Stored records:
☆ ☆ ☆ ☆ ☆

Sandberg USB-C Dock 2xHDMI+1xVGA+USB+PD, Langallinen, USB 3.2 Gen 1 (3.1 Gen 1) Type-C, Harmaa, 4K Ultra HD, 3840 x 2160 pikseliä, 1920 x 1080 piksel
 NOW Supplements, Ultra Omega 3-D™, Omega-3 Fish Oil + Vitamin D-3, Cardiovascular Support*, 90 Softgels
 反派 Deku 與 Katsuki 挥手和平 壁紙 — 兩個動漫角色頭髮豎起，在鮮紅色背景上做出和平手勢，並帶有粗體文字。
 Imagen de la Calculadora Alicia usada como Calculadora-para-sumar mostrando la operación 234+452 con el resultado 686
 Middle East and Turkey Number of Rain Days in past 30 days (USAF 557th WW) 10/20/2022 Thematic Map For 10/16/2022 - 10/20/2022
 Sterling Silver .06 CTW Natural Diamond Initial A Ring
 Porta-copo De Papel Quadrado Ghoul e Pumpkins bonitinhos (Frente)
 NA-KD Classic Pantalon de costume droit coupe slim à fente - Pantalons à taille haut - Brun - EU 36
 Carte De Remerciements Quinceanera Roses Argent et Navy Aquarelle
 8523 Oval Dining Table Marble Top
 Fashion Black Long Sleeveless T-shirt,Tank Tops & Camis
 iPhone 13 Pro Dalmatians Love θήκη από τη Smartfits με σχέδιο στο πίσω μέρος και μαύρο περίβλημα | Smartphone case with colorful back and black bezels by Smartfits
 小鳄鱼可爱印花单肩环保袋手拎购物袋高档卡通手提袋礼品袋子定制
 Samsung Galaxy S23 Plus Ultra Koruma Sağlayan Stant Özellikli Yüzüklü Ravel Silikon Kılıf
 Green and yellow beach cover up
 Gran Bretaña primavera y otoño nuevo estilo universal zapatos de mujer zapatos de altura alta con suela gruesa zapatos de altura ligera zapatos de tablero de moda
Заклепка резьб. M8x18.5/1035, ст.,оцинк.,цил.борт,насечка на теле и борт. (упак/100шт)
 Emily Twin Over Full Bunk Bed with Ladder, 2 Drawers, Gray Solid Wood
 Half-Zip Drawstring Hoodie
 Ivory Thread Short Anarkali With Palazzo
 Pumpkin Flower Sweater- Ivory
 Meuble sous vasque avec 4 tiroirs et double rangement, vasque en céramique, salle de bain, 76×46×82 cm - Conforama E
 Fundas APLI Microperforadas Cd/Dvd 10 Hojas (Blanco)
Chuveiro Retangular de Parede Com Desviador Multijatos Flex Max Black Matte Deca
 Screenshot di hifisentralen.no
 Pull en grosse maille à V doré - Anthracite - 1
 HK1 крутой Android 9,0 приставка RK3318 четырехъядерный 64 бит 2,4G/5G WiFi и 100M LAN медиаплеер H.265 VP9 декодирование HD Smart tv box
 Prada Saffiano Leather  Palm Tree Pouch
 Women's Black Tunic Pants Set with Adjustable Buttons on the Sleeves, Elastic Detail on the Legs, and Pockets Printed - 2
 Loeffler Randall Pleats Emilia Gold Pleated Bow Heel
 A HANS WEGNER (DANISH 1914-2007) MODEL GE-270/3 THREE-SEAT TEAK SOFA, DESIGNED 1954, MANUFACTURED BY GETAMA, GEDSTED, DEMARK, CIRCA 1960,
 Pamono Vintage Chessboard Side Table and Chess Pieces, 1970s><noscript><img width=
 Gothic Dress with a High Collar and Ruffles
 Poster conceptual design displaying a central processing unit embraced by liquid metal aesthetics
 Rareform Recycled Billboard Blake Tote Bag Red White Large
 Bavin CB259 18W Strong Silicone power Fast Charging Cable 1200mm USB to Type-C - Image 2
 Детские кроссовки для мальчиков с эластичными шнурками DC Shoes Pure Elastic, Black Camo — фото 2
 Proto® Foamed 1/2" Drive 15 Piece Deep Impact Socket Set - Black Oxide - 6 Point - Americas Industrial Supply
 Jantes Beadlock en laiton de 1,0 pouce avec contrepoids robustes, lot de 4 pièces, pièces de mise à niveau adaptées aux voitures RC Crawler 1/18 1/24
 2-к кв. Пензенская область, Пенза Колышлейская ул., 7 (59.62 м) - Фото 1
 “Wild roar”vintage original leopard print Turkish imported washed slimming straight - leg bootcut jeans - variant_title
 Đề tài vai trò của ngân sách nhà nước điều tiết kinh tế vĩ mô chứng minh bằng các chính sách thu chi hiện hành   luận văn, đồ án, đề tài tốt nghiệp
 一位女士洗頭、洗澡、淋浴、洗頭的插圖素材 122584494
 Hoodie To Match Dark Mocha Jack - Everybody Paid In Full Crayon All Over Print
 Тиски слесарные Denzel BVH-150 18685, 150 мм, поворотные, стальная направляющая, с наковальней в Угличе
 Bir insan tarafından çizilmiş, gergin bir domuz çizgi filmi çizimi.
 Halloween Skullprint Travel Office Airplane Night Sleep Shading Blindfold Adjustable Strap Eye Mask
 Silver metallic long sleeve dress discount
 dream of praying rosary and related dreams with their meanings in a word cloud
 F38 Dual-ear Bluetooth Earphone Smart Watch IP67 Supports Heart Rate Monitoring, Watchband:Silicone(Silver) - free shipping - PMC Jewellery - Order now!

☆ ☆ ☆ ☆ ☆

TASK DETAILS:
The answer must be the line containing "Тиски слесарные Denzel" and every line after it to the end of the data, each set down exactly.

WORKED SOLUTION:
 Тиски слесарные Denzel BVH-150 18685, 150 мм, поворотные, стальная направляющая, с наковальней в Угличе
 Bir insan tarafından çizilmiş, gergin bir domuz çizgi filmi çizimi.
 Halloween Skullprint Travel Office Airplane Night Sleep Shading Blindfold Adjustable Strap Eye Mask
 Silver metallic long sleeve dress discount
 dream of praying rosary and related dreams with their meanings in a word cloud
 F38 Dual-ear Bluetooth Earphone Smart Watch IP67 Supports Heart Rate Monitoring, Watchband:Silicone(Silver) - free shipping - PMC Jewellery - Order now!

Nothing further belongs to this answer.